なんとなく起承転結 「迷子の子」

 

大門駅から大江戸線に乗る長いエスカレーターを降りようとしたとき、すぐ脇に小さな男の子が立っていた。

迷子かなと思ったが、急いでいたし、すぐお母さんが戻ってくるのだろうとそのまま立ち去ろうとしたが、その子の固まった表情を見たらなんだか気になり、立ち止まって話しかけてみた。

「ひとりなの?」「おかあさんは?」 聞いてみたが、2〜3才くらいのその子は、固い表情のままなにも答えない。誰かが探しにくる気配もなかったので、これはやっぱり迷子だ、困ったなと思い周囲を見まわしていると、深くて長いエスカレーターの先に、ベビーカーを持った女性が小さく見えた。あれがお母さんだ!と勝手に決め、男の子を下まで連れていくことにした。

表情をかえず、なにもいわないその子に、「下までいっしょに行こう」といって手を差し出すと、意外にも拒否せず、素直にわたしの手を握りかえしてきた。

腰をかがめ、あれこれ話しかけながら、長い長いエスカレーターを2人でくだった。男の子の手は小さくふにょふにょで、わたしの手の中で居心地悪そうにしていた。

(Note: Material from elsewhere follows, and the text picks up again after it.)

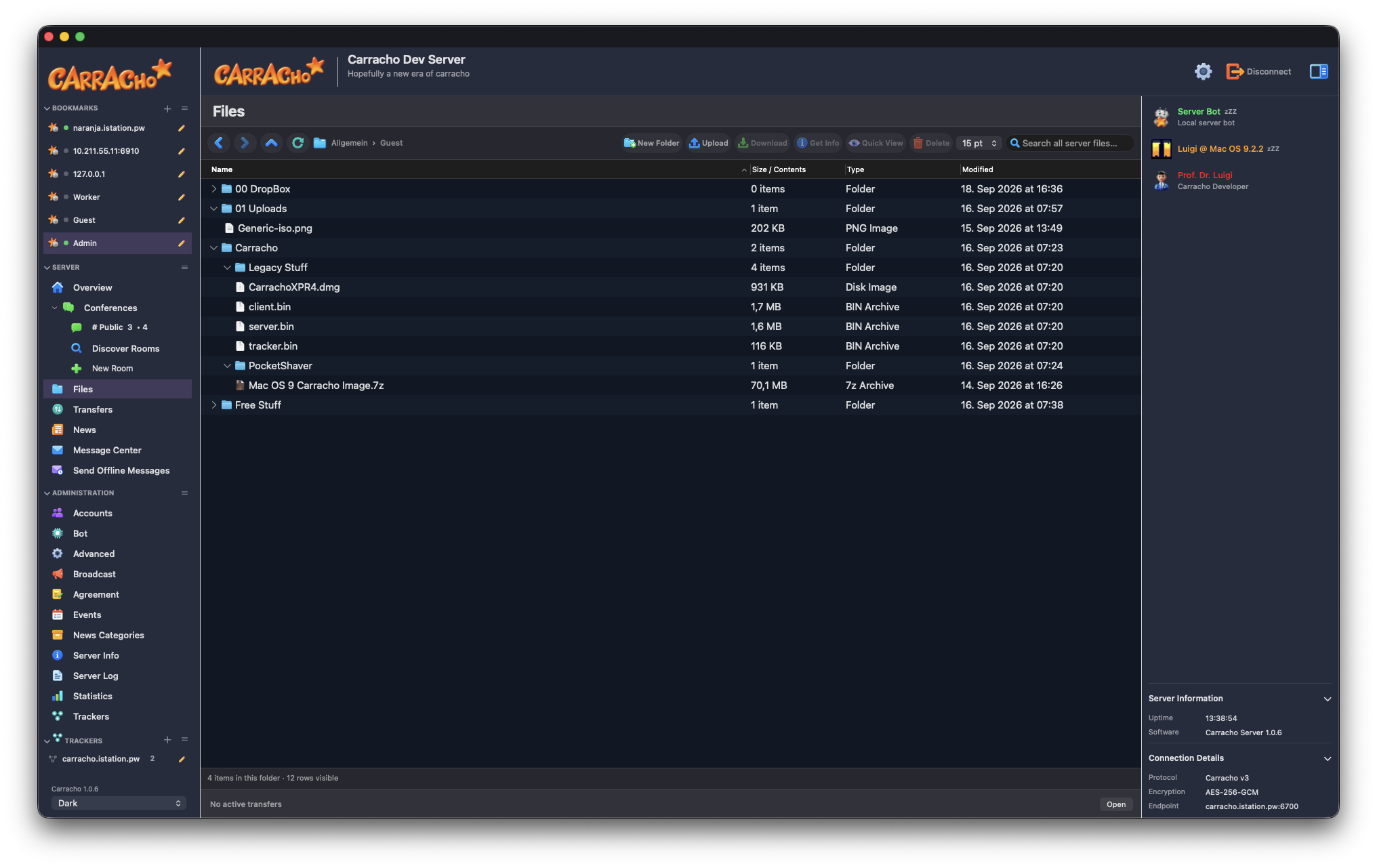 Carracho main window on macOS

最近身近にこどもがいないので、こんな小さな子と手をつなぐのは何年ぶりだろう。

下まで降りるとベビーカーの女性はやっぱりお母さんで、男の子は自分だけ階段で降りるといったのだが、ちょうど階段はクリーナーで掃除をしていて、その音が怖くて降りられなくなってしまったらしい。

よかったねと男の子の手を離したが、お母さんと会えてもその表情は固まったままだった。きっとひとり取り残されて、不安でいっぱいだっただろうな。知らない怪しいおばさんから解放されて、心のなかはほっとしていただろう。

こどもの手って本当にふにゃふにゃで、ぎゅっと握ったらつぶれちゃいそうだ。骨がまだ固まっていないのかな。まだ小さかった頃の甥っ子たちと、手をつないで歩いたことを懐かしく思い出した。